Dynamic Phase Diagram of the REM

Abstract

By studying the two-time overlap correlation function, we give a comprehensive analysis of the phase diagram of the Random Hopping Dynamics of the Random Energy Model (REM) on time-scales that are exponential in the volume. These results are derived from the convergence properties of the clock process associated to the dynamics and fine properties of the simple random walk in the n-dimensional discrete cube.

Appendices

Appendix A. Calculations

This appendix contains calculatory results on the moments of \(f_{\delta }({\gamma }_n(x))\) and \(g_{\delta }({\gamma }_n(x))\) that are needed in several places in the proofs.
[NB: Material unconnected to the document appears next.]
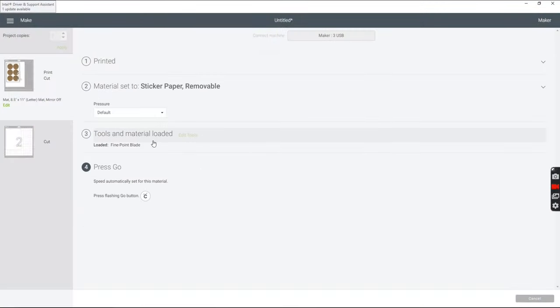For the material setting, I'm using removable sticker paper. That way it's just going to kiss cut through the top of the sticker and not through the backing.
Our first lemma provides asymptotic bounds on \(a_n{\mathbb E}\left( f_{\delta }({\gamma }_n(x))\right) \) and \(a_n{\mathbb E}\left( f_{\delta }({\gamma }_n(x))^2\right) \) needed in the verification of Condition (A3’).

Lemma A.1

For all \(0<\varepsilon \le 1\) and all \(0<\beta <\infty \) such that \({\alpha }(\varepsilon )=1\) we have that for all \({\delta }>0\) and large enough n, there exist constants \(0<c_0,c_1<\infty \) such that

$$\begin{aligned} a_n{\mathbb E}\left( f_{\delta }({\gamma }_n(x))\right) \le c_0 {\delta }, \end{aligned}$$

(A.1)

$$\begin{aligned} a_n{\mathbb E}\left( f_{\delta }({\gamma }_n(x))^2\right) \le {\delta }^4+c_1. \end{aligned}$$

(A.2)

Proof

We observe that

$$\begin{aligned} f_{\delta }(u)\le {\delta }^2 \quad \forall u\in (0,\infty ). \end{aligned}$$

(A.3)

We decompose \(a_n{\mathbb E}\left( f_{\delta }({\gamma }_n(x))\right) \) in the following way

$$\begin{aligned} a_n{\mathbb E}\left( f_{\delta }({\gamma }_n(x))\right) = a_n{\mathbb E}\left( f_{\delta }({\gamma }_n(x))\mathbbm {1}_{\{{\gamma }_n(x)>{\delta }\}}\right) +a_n{\mathbb E}\left( f_{\delta }({\gamma }_n(x))\mathbbm {1}_{\{{\gamma }_n(x)\le {\delta }\}}\right) \equiv (1) + (2) \end{aligned}$$

(A.4)

By (3.2) of Lemma 3.1 and the assumption that \({\alpha }(\varepsilon )=1\),

$$\begin{aligned} (1)\le {\delta }^2a_n{\mathbb P}\left( {\gamma }_n(x)>{\delta }\right) \sim {\delta }. \end{aligned}$$

(A.5)

Turning to (2) we have

$$\begin{aligned} (2)\le & {} a_n{\mathbb E}\left( {\gamma }_n(x)^2\mathbbm {1}_{\{{\gamma }_n(x)\le {\delta }\}}\right) \nonumber \\= & {} \frac{a_n e^{2n{\beta }^2}}{c_n^2}\int _{-\infty }^{\frac{\log (c_n{\delta })}{\sqrt{n}{\beta }}-2\sqrt{n}{\beta }} \frac{e^{-u^2/2}}{\sqrt{2\pi }} \text{ d }u\nonumber \\\sim & {} \frac{a_n e^{2n{\beta }^2}}{c_n^2} \left( \sqrt{2\pi }\left( -\frac{\log (c_n{\delta })}{\sqrt{n}{\beta }}+2\sqrt{n}{\beta }\right) \right) ^{-1}e^{-\frac{1}{2}\left( \frac{\log (c_n{\delta })}{\sqrt{n}{\beta }}-2\sqrt{n}{\beta }\right) ^2}, \end{aligned}$$

(A.6)

where we used that by (3.21), for \({\alpha }(\varepsilon )=1\), \(\frac{\log (c_n{\delta })}{\sqrt{n}{\beta }}-2\sqrt{n}{\beta }\rightarrow -\infty \) as \(n\rightarrow \infty \). Now we start to expand the exponent of the exponential function and plug in (3.21).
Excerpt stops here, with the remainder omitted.